HARIANRIAU.CO - Siang itu, teras Masjid Damarjati di Dukuh Krajan RT 02 RW 05, Kelurahan Salatiga, Kecamatan Sidorejo, Salatiga dipadati para musafir. Mereka sengaja singgah ke masjid tertua di Salatiga ini, untuk melaksanakan Salat Zuhur dan beristirahat.

Ada juga warga dari berbagai daerah yang datang ke masjid ini, untuk membaya ayat suci Alquran. Membaca Alquran sudah menjadi bagian dari kegiatan rutin sejak masjid ini didirikan pada 1826 silam itu.

Pengurus Takmir Masjid Damarjati Salatiga Edy Trianto Basuki menceritakan, berdasarkan cacatan sejarah Masjid Damarjati sudah berusia 188 tahun. Masjid ini didirikan oleh Kiai Ronosetiko dan Kiai Sirojudin yang diyakini merupakan orang dari Kejaraan Mataram. Sejak berdiri hingga sekarang, masjid ini sudah dua kali pemugaran.

Renovasi kali pertama dilakukan pada 1987. Kemudian renovasi kedua dilaksanakan pada 2007. "Renovasi dilakukan secara total dan merombak bentuk aslinya. Bahkan tidak ada sudut bangunan asli yang tersisa. Barang peninggalan yang masih tersisa hanya beduk. Itu pun kulitnya sudah diganti beberapa kali. Yang masih asli hanya kayu kerangkanya saja," kata Edy, Minggu (11/2/2018).

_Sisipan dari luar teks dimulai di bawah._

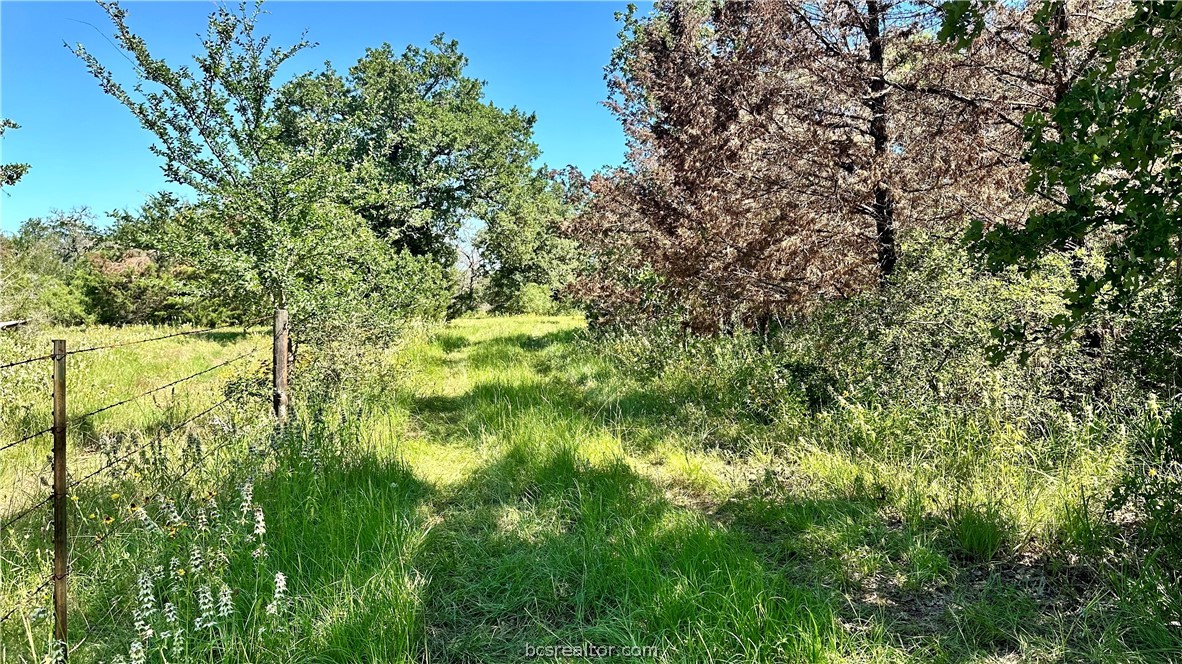 1949 County Road 347 Loop Property Photo 23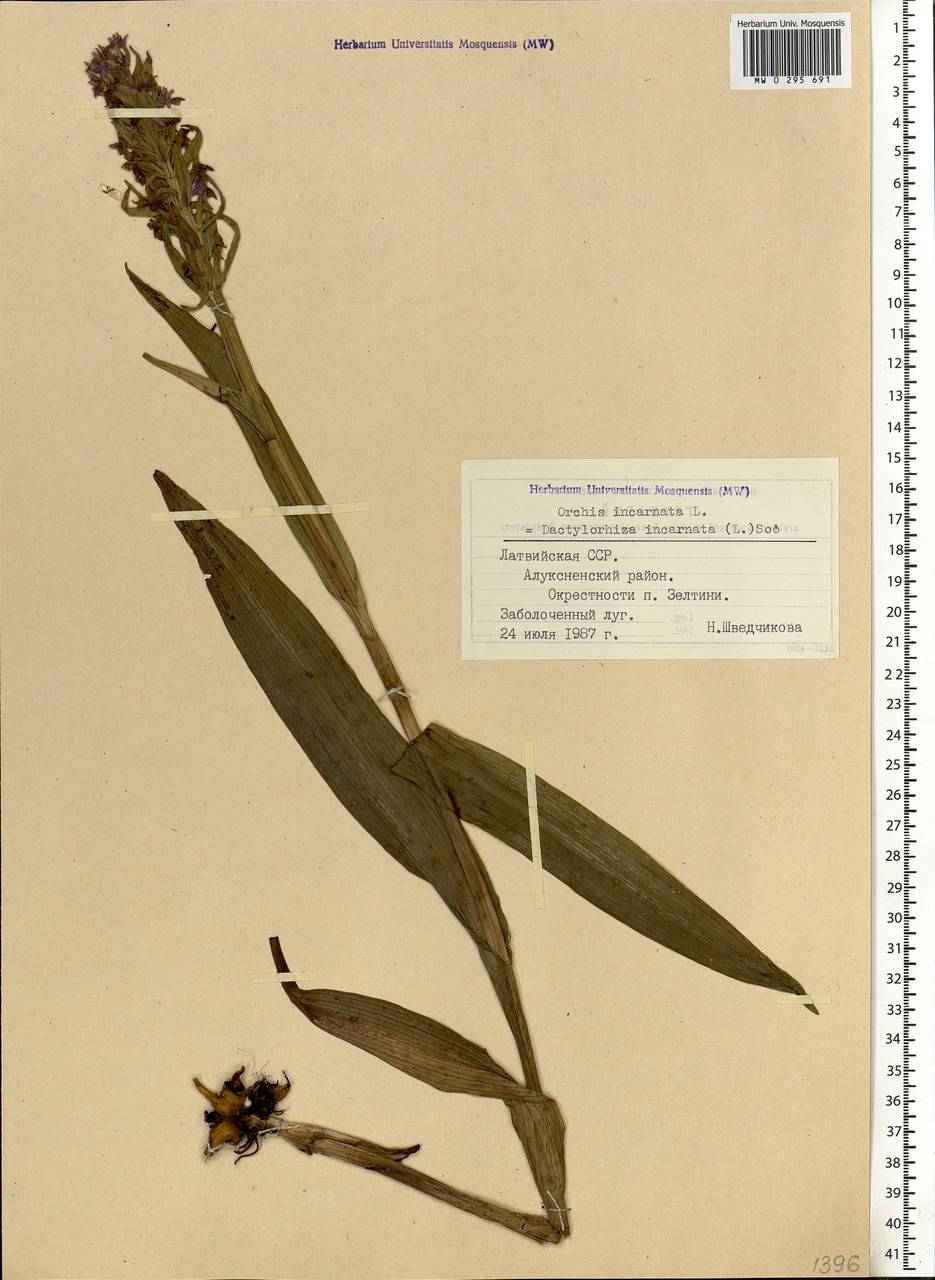 Dactylorhiza incarnata (L.) Soó, Eastern Europe, Latvia (E2b) (Latvia)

Tokoh Dusun Krajan, Yahya, 77, menambahkan, Masjid Damarjati dibangun di tengah kecamuk perang antara Pangeran Diponegoro dan pemerintah kolonial Belanda. Konon, pembangunan masjid ini merupakan bagian dari strategi Kiai Ronosetiko dan Kiai Sirojudin untuk mengalahkan Belanda sekaligus mensyiarkan Islam di Salatiga.

"Berdasarkan cerita yang dikisahkan sejumlah orang tua dulu, Kiai Ronosetiko dan Kiai Sirojudin adalah panglima perang Laskar Diponegoro. Namun beliau memilih melakukan perlawanan dengan cara gerilya," tuturnya.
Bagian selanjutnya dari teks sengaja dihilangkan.